That section not only provides the means of removing the Prime Minister but imposes special procedural requirements in relation to it, namely, the need for a absolute majority of the votes of members and at least seven clear days notice. He suggests that, as the Constitution sets out such procedures, it is to be inferred that these are the only procedures to apply. Standing Orders, made as they are under section 62, for the regulation and orderly conduct of the proceedings and the despatch of business, are subordinate to the Constitution and cannot impose restrictions on the rights granted by the Constitution itself. When the Speaker refused to allow debate on a motion of no confidence under Standing Order 36(3), he was using that Order to restrict a right granted by the Constitution. Mr Nori points out that the opening words of section 62 give Parliament the power to make orders subject to the provisions of the Constitution and suggests that means not only that the orders are subject to the Constitution but neither can they add anything to it.

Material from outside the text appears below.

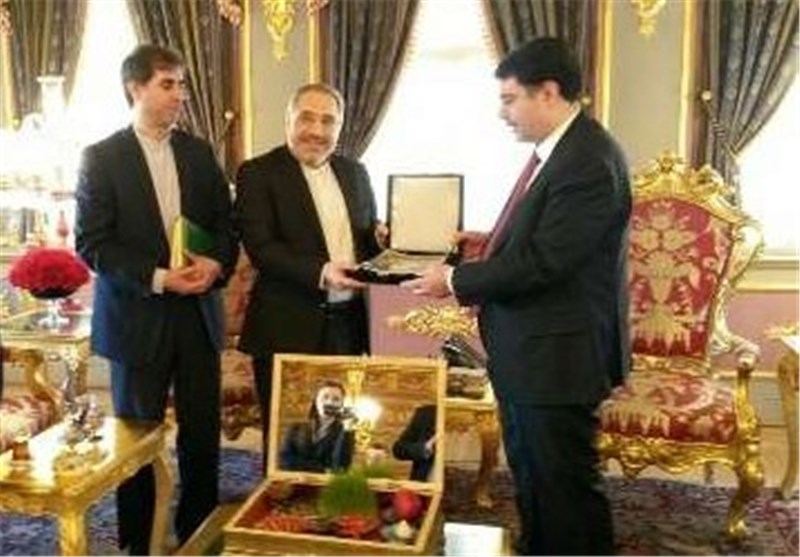 محکوم کردن حمله تروریستی در آنکارا واستانبول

In dealing with the same point, the learned Attorney General gave the Court the benefit of a well researched and helpful history in Solomon Islands of both section 34 and Standing Order 36(3). He pointed out that the Standing Orders had been in existence in an approximately similar form since well before the concept of a motion of no confidence first appeared in the 1974 Constitution. The result is that the nature of the Standing Order is, to some extent, inappropriate in that it cannot wholly apply to such motions, for example, in the reference to a motion to rescind an earlier decision.


Mr Radclyffe, for the Speaker, confined his opposition to the single ground that the Courts cannot interfere with Parliament’s exclusive right to control its own internal proceedings. Citing the common law, he urged the privilege covers the whole case. As the motion of no confidence was moved in Parliament and all the events being considered in this case took place within Parliament, the Court quite simply has no jurisdiction on this matter at all.


It is necessary to consider the general principles involved as they may touch on more than one of the declarations sought.


The Constitution is the supreme law of Solomon Islands and, by sections 18, 83 and 84, the power to interpret the Constitution is given exclusively to the High Court.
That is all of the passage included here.